■ Instructions for the task ■
Check each line of the listing below for the string "Days", and copy the ones that have it.

★ ★ ★ ★ ★

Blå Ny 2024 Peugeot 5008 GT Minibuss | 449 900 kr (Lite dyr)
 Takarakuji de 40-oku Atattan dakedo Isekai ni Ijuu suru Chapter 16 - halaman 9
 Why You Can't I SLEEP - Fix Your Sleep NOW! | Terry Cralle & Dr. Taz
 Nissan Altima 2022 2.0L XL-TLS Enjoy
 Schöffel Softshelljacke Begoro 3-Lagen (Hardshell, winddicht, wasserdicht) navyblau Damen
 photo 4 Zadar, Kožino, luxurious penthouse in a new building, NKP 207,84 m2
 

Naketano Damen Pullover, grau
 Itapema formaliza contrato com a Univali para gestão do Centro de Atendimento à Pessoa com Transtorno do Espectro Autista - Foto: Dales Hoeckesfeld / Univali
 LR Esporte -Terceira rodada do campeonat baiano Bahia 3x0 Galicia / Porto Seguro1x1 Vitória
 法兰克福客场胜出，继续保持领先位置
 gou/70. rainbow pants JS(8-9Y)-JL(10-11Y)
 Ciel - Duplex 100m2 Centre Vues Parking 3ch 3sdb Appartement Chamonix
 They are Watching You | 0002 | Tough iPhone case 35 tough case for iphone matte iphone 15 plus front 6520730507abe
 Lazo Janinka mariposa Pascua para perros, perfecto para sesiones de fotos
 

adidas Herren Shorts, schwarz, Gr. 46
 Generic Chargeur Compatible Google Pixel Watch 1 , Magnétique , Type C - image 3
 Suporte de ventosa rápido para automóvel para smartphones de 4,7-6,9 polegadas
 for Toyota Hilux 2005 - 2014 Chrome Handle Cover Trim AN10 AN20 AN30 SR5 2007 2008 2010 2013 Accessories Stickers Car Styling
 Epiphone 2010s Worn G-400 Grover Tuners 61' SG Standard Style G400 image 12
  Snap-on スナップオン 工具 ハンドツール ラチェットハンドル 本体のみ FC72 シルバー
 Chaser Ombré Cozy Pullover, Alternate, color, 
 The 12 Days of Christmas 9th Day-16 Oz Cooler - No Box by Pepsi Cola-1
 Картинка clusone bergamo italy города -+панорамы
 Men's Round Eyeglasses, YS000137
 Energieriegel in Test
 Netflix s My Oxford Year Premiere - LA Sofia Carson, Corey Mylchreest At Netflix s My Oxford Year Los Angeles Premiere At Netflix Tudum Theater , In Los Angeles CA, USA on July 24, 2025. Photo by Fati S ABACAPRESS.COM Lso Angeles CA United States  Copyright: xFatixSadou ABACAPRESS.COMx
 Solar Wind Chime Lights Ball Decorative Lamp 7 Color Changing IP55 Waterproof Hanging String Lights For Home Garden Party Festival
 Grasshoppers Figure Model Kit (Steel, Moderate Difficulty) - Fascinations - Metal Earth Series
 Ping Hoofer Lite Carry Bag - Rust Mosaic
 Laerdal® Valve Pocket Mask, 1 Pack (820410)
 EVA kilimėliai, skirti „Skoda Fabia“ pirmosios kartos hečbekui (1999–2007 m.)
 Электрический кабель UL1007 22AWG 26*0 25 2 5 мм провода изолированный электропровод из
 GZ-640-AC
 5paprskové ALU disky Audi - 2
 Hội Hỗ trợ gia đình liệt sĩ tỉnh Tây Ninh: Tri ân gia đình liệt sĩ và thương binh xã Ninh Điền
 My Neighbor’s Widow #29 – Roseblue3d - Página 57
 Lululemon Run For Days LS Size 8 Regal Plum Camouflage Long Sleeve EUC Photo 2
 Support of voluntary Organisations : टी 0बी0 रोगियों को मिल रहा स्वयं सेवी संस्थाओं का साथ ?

★ ★ ★ ★ ★

■ Response to the exercise ■
 The 12 Days of Christmas 9th Day-16 Oz Cooler - No Box by Pepsi Cola-1
 Lululemon Run For Days LS Size 8 Regal Plum Camouflage Long Sleeve EUC Photo 2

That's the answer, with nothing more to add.